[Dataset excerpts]
┌────────
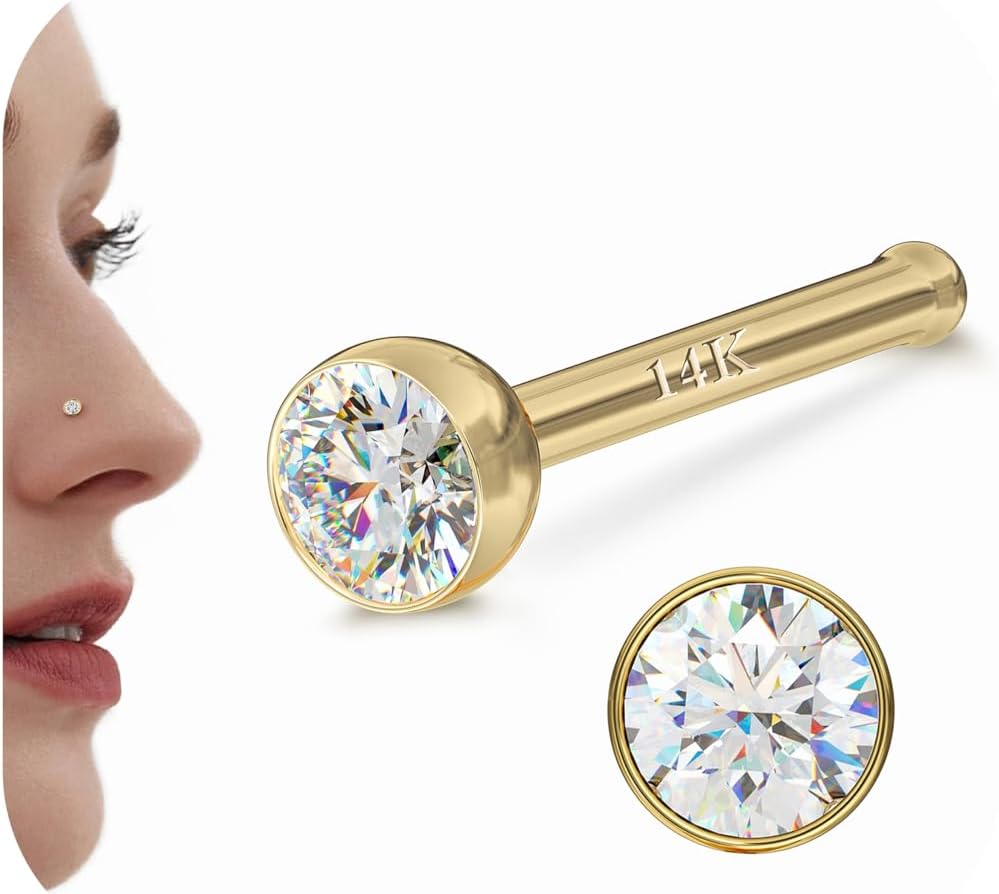 18G 20G Straight Nose Rings Simulated Diamond CZ Nose Studs Hypoallergenic Nose Piercings - QIAO CrystalQIAO CrystalQIAO Crystal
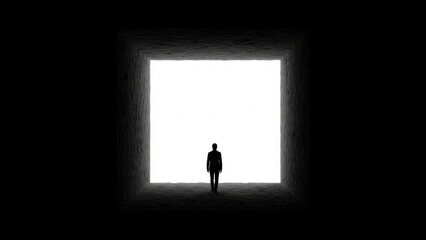 Silhouette figure emerges from darkness into a radiant opening, representing transformation and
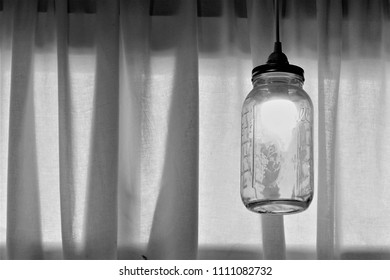 Hanging Mason Jar Lamp With Curtains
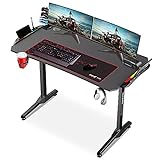 Dripex Mesa Gaming RGB con Tablero de Fibra de Carbono, 110 x 60 x 75 cm Gaming Desk con Soporte para Tazas y Auriculares, Patas Regulables, Negro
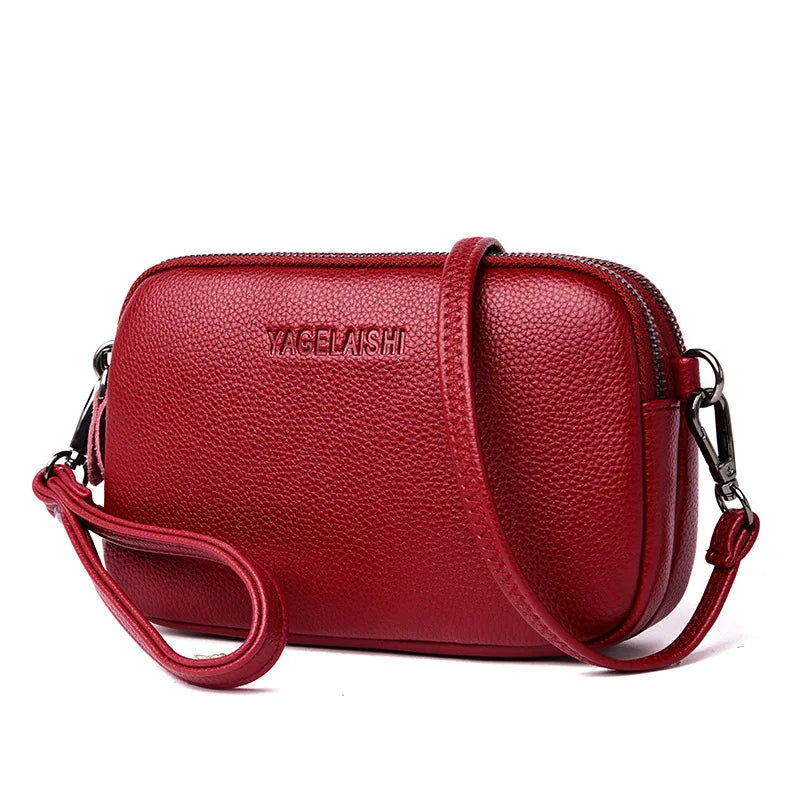 Vintage Leather Crossbody Bag Small Messenger Shoulder Bag Ladies Handbag
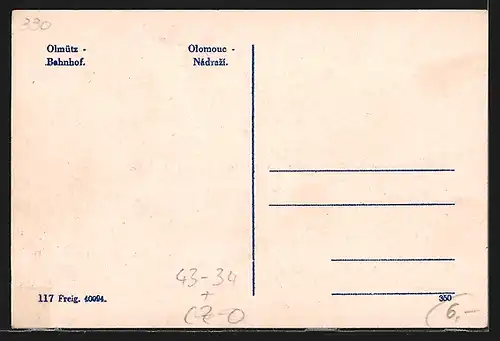 AK Olomouc, Hlavni nádrazi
└────────
Assignment: Take the line containing "Vintage Leather Crossbody" and every line after it up to the end of the data, and write them out exactly, without the pictures.

Response area:
 Vintage Leather Crossbody Bag Small Messenger Shoulder Bag Ladies Handbag
 AK Olomouc, Hlavni nádrazi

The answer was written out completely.